Penelitian ini menggunakan paradigma konstruktivisme, sesuai dengan fokus DNVA pada konstruksi dalam berita. DNVA memeriksa bagaimana suatu peristiwa dianggap layak untuk diberitakan melalui sumber daya verbal dan visual, dengan fokus pada potensi makna teks dan penggunaan sumber daya semiotik untuk membentuk nilai-nilai berita tertentu (Bednarek et al., 2021). Oleh karena itu, paradigma konstruktivisme dipilih karena penelitian ini meneliti bagaimana peristiwa dikonstruksi sebagai berita, bukan mengapa peristiwa tersebut dipilih sebagai berita. Jenis penelitian yang digunakan adalah kualitatif, sejalan dengan paradigma konstruktif, karena DNVA membutuhkan pemaknaan yang dalam untuk menganalisis secara diskursif nilai-nilai berita (Bednarek & Caple, 2017). Penelitian ini membatasi ruang lingkupnya pada aspek kebahasaan nilai berita, terutama pada judul dan teras berita, dengan tujuan melihat konstruksi linguistik dari setiap nilai berita (Bednarek & Caple, 2017). Data dikumpulkan dengan mengambil artikel berita tentang perlindungan data pribadi dari Detik.com dan Kompas.com dalam rentang waktu 20 Agustus 2022 hingga 20 September 2022, dengan kata pencarian "kebocoran data" dan "perlindungan data pribadi" (Bednarek et al., 2021). Analisis data dilakukan menggunakan metode DNVA dan teknik analisis nilai berita yang diberikan oleh Bednarek dan Caple (2017), dengan fokus pada nilai-nilai seperti consonance, eliteness, impact, negativity/positivity, personalization, proximity, superlativeness, timeliness, dan unexpectedness. Teknik pengujian keabsahan data menggunakan uji kredibilitas dengan menggunakan bahan referensi untuk memastikan kebenaran data yang dikumpulkan (Bednarek et al., 2021).

 

Hasil dan Pembahasan

Gambaran Umum Media Online

Kompas.com merupakan salah satu unit bisnis yang memberikan layanan peliputan berita dalam bentuk daring dari Kompas Gramedia. Kompas memiliki Visi dan Misi “Menjadi Perusahaan yang terbesar, terbaik, terpadu, dan tersebar di Asia Tenggara melalui usaha berbasis pengetahuan yang menciptakan masyarakat terdidik, tercerahkan, menghargai kebhinekaan, dan adil sejahtera”. Sehingga Kompas Gramedia tidak hanya menyediakan peliputan berita edisi daring saja, tetapi juga tersedia edisi cetak dan broadcasting melalui televisi.

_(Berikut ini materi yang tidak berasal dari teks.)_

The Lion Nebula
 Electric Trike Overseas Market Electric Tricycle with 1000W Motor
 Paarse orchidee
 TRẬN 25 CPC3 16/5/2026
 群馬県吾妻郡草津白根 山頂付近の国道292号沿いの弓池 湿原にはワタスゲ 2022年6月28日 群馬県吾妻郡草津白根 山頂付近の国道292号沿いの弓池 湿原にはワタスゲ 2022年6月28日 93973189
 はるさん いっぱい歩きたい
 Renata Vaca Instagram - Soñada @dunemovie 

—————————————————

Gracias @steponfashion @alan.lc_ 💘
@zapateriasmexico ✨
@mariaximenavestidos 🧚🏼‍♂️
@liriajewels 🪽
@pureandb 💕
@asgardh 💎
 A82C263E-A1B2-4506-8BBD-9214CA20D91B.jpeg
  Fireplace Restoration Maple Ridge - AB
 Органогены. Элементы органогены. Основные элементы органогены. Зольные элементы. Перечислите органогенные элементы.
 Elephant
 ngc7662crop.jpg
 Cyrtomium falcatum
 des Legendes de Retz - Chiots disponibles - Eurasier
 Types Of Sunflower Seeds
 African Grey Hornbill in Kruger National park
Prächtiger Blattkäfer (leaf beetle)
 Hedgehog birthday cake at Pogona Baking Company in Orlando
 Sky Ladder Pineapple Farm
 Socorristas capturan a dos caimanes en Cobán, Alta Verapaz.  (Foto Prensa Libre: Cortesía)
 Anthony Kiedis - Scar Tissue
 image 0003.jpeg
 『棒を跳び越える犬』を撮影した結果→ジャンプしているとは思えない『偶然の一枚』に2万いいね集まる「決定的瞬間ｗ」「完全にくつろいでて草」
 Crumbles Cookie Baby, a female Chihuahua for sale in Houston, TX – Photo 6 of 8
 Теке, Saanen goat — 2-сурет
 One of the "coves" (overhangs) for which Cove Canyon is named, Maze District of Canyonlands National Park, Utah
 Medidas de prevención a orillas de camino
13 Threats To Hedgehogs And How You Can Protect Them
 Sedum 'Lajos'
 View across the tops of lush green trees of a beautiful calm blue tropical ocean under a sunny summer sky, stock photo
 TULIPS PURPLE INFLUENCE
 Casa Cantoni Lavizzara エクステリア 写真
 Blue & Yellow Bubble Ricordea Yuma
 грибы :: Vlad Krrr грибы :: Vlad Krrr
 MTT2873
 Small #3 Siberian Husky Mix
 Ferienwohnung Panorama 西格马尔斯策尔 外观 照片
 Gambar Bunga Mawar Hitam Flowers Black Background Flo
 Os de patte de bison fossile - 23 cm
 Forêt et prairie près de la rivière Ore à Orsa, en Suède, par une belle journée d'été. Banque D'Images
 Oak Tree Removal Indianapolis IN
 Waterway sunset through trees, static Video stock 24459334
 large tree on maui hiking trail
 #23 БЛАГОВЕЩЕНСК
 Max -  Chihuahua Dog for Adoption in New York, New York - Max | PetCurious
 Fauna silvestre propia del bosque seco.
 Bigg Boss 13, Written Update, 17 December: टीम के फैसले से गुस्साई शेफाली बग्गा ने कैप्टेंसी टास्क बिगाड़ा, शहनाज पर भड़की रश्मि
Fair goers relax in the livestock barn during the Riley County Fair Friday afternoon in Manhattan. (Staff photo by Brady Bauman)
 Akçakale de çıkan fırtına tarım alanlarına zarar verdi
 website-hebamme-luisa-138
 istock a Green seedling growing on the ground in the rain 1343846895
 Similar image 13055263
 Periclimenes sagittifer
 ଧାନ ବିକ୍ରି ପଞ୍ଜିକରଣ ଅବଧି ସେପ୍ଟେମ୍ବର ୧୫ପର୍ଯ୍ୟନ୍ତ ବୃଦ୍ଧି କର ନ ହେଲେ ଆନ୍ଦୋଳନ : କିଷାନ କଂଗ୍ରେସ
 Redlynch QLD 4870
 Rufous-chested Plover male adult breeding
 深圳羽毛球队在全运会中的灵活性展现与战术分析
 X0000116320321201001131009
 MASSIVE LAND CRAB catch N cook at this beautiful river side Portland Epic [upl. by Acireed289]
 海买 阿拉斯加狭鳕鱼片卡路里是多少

Kompas.com adalah salah satu pionir media online di Indonesia ketika pertama kali hadir di Internet pada 14 September 1995 dengan nama Kompas Online. Mulanya, Kompas Online atau KOL yang diakses dengan alamat kompas.co.id hanya menampilkan replika dari berita-berita harian Kompas yang terbit hari itu. Kemudian berkembang tidak lagi hanya mendapatkan replika harian Kompas, tapi juga mendapatkan update perkembangan berita-berita terbaru yang terjadi sepanjang hari.

Kompas telah lama dikenal sebagai media yang menyajikan jurnalisme bermakna. Kompas.com menempatkan dirinya sebagai portal berita yang diandalkan masyarakat untuk jurnalisme berkualitas, di tengah derasnya arus informasi yang sering tidak jelas kebenarannya. Dengan slogan "Jernih Melihat Dunia," Kompas.com berusaha untuk menjadi media yang menyajikan informasi dengan sudut pandang objektif, komprehensif, independen, dan tidak dipengaruhi oleh kepentingan politik, ekonomi, atau kekuasaan. Oleh karena itu, selain menyajikan berita terkini dalam bentuk hardnews yang selalu update sesuai dengan karakter media online, Kompas.com juga memberikan berita yang lengkap dari berbagai sudut pandang untuk mengurai kebingungan mengenai suatu isu.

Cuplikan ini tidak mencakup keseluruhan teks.